= Instructions for the task =
Output the span of lines from the one that contains "Manicure de belas" through the end of the records, inclusive, exactly as written and free of pictures.

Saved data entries
□ □ □ □

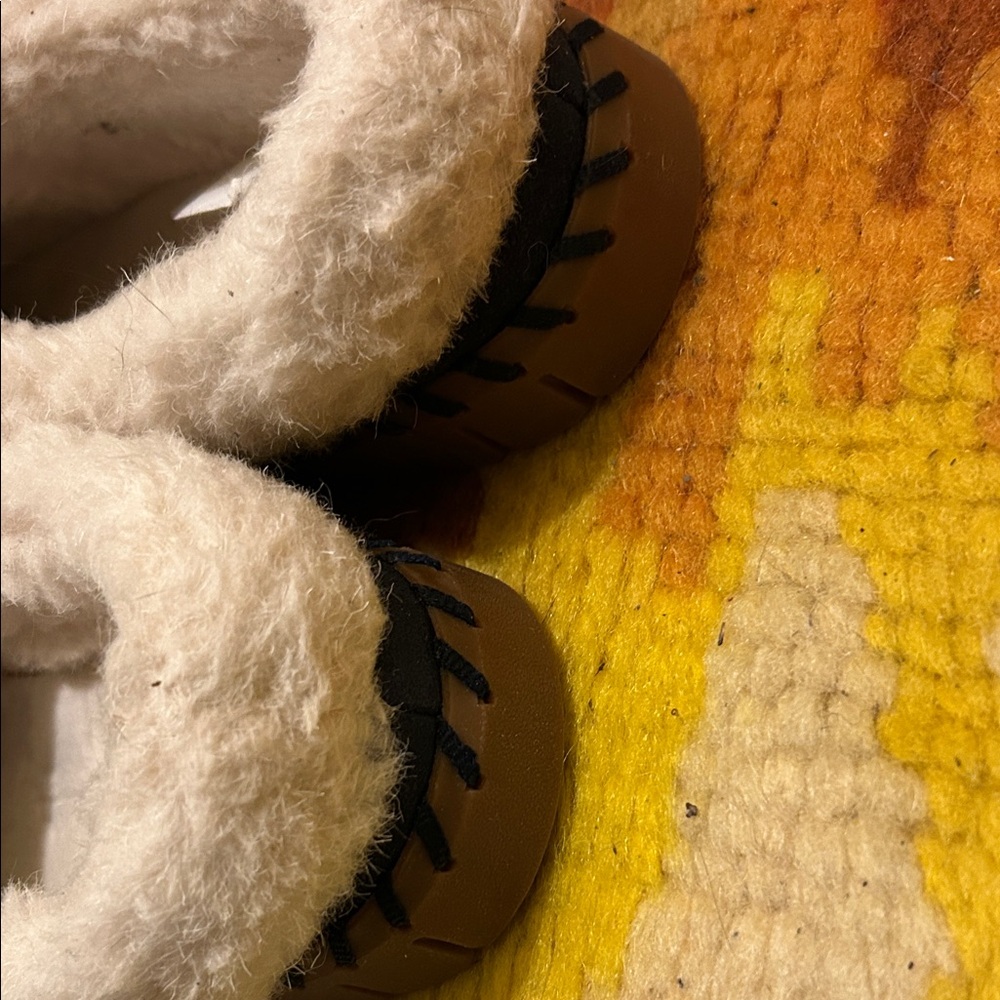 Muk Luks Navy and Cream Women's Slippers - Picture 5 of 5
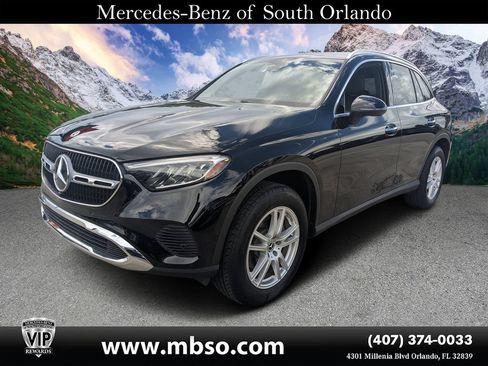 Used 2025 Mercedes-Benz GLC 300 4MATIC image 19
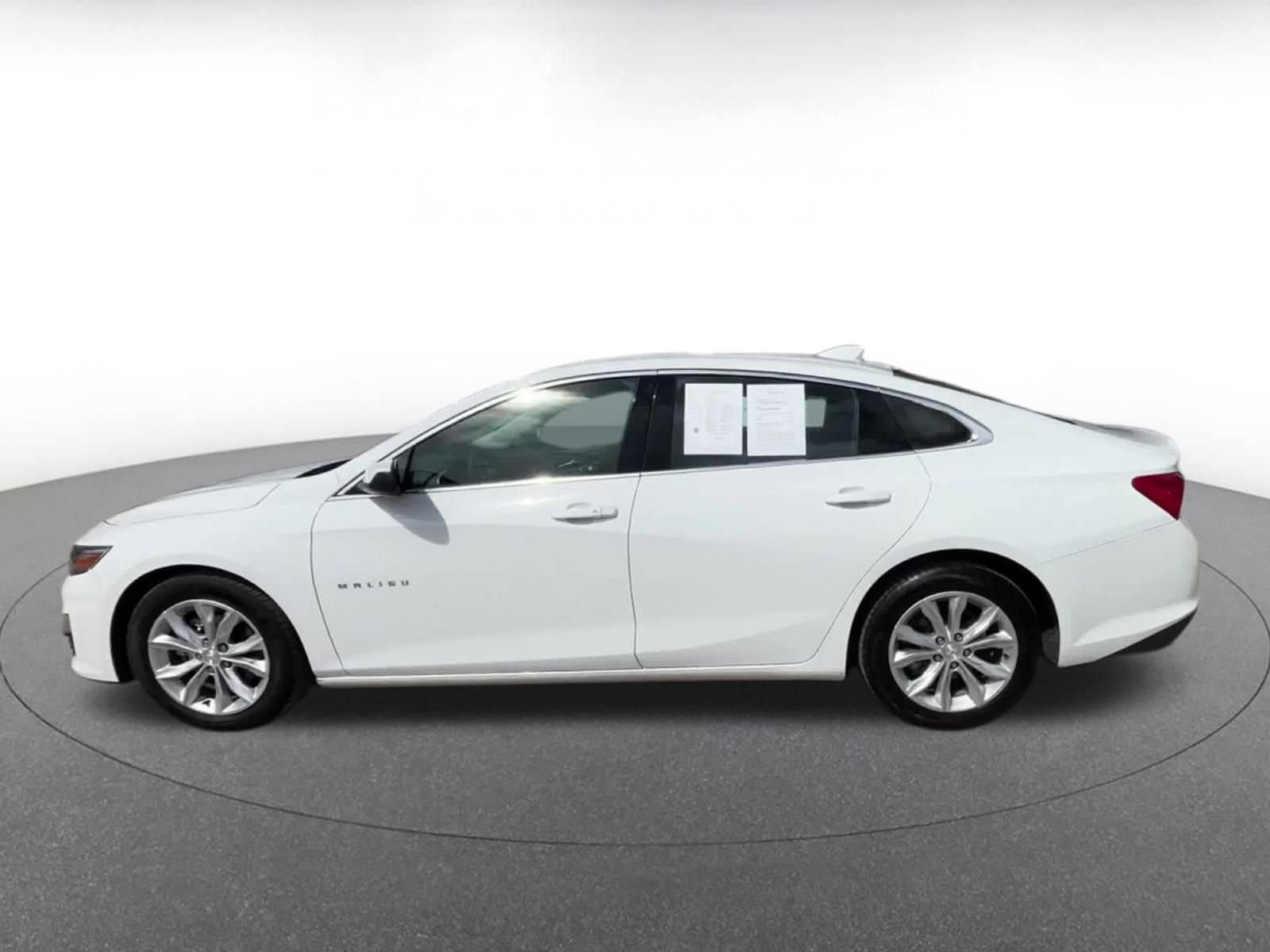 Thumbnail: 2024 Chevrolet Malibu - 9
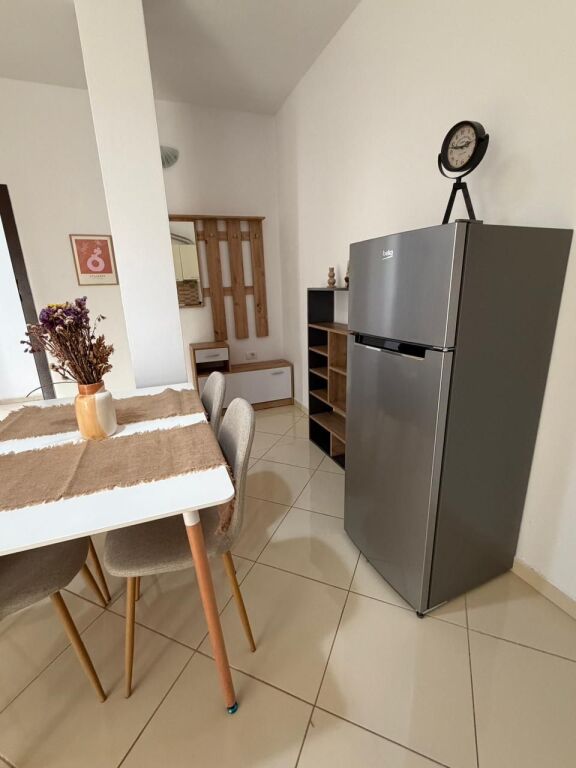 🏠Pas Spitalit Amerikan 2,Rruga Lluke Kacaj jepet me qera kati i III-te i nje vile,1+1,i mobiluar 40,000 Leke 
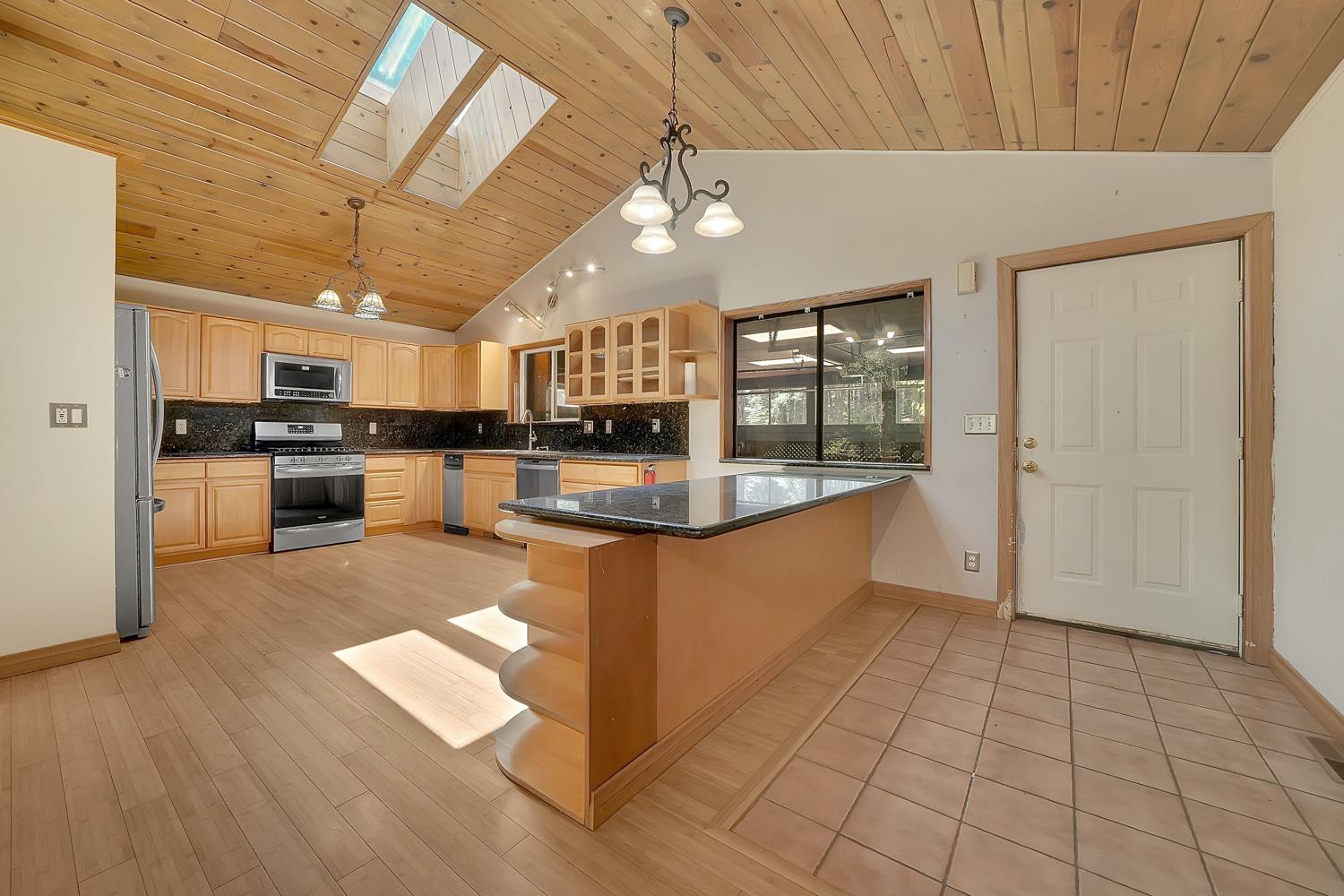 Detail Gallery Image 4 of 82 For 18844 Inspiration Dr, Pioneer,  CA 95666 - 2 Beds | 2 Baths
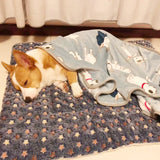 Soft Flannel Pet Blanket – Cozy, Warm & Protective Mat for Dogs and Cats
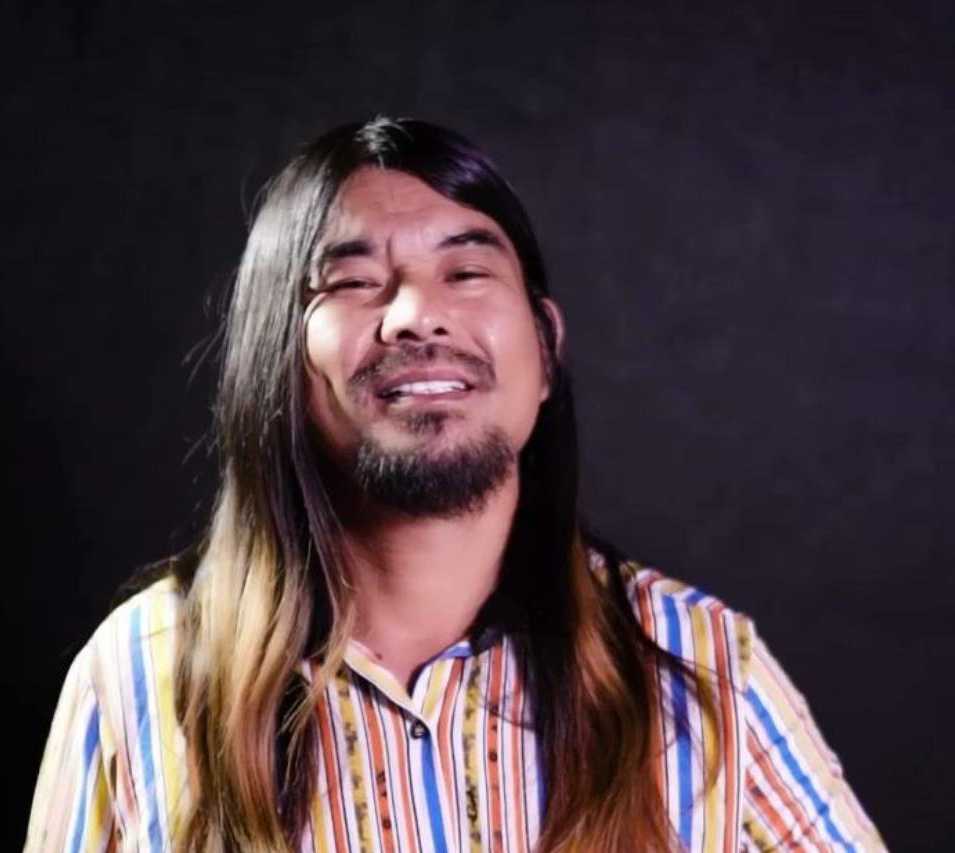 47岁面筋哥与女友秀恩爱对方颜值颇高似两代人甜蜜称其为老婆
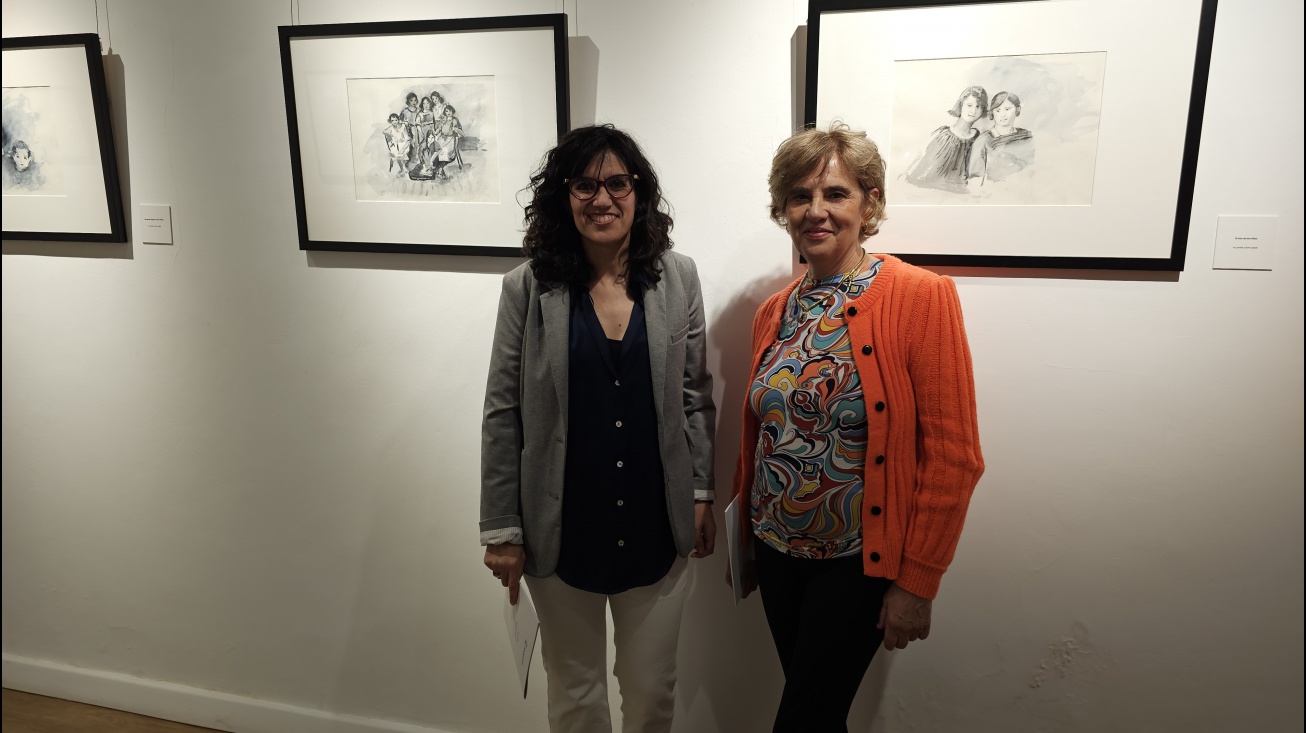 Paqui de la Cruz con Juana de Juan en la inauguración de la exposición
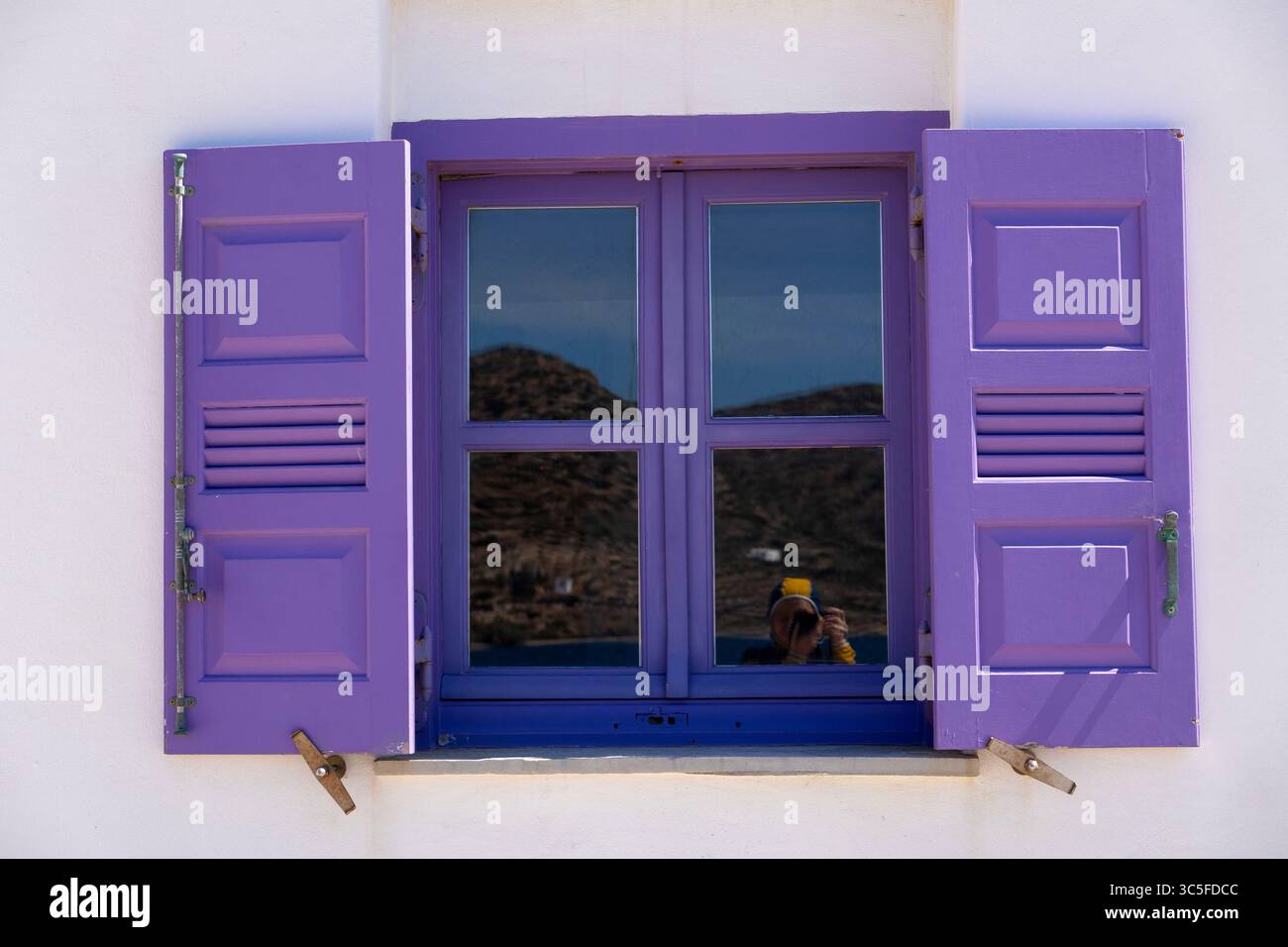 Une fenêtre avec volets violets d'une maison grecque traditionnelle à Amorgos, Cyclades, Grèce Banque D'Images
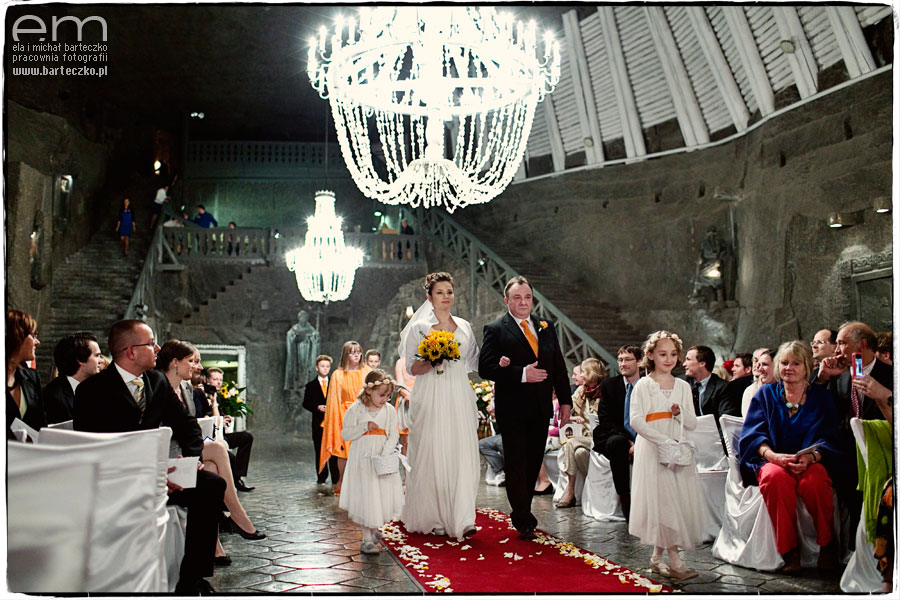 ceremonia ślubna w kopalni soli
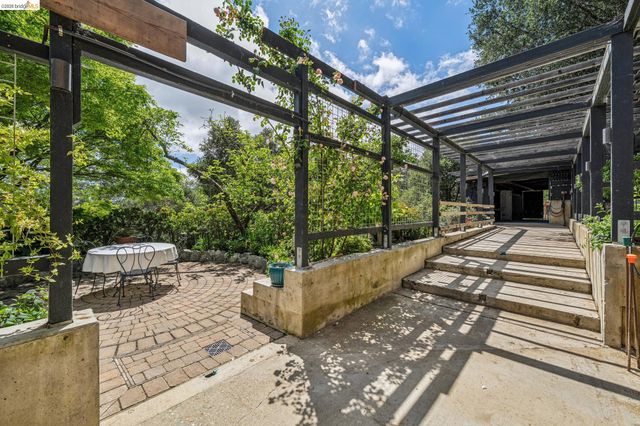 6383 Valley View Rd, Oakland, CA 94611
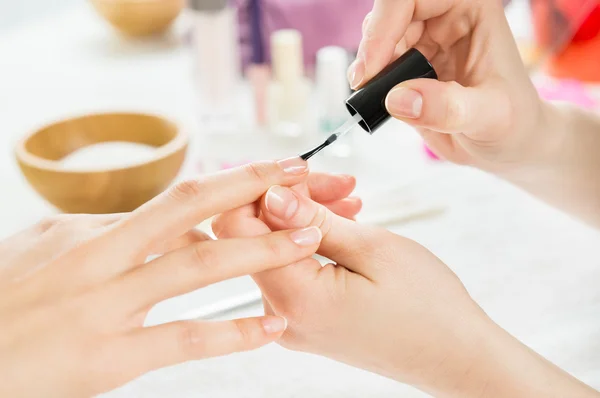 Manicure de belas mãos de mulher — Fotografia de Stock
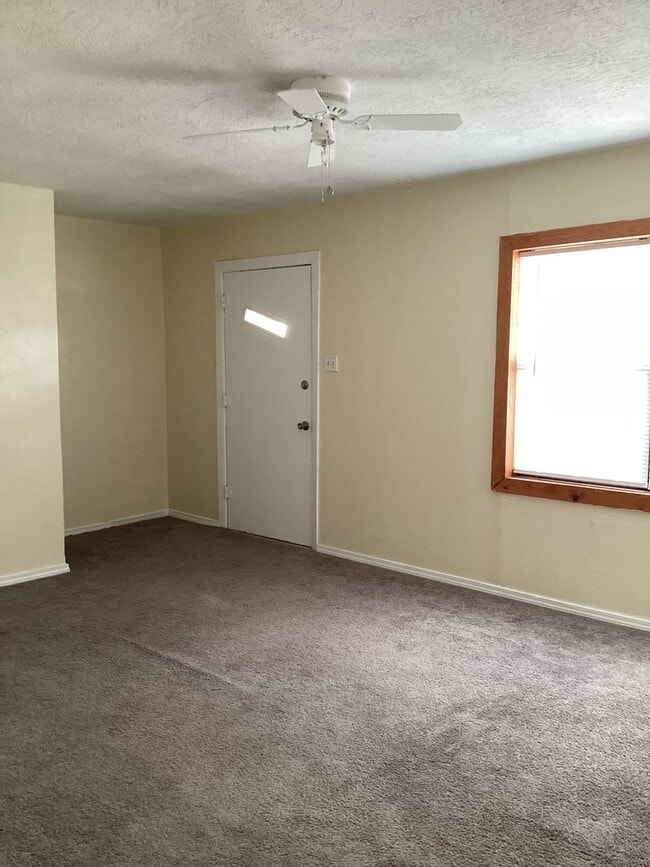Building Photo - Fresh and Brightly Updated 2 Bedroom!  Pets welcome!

□ □ □ □

= Expected answer =
 Manicure de belas mãos de mulher — Fotografia de Stock
Building Photo - Fresh and Brightly Updated 2 Bedroom!  Pets welcome!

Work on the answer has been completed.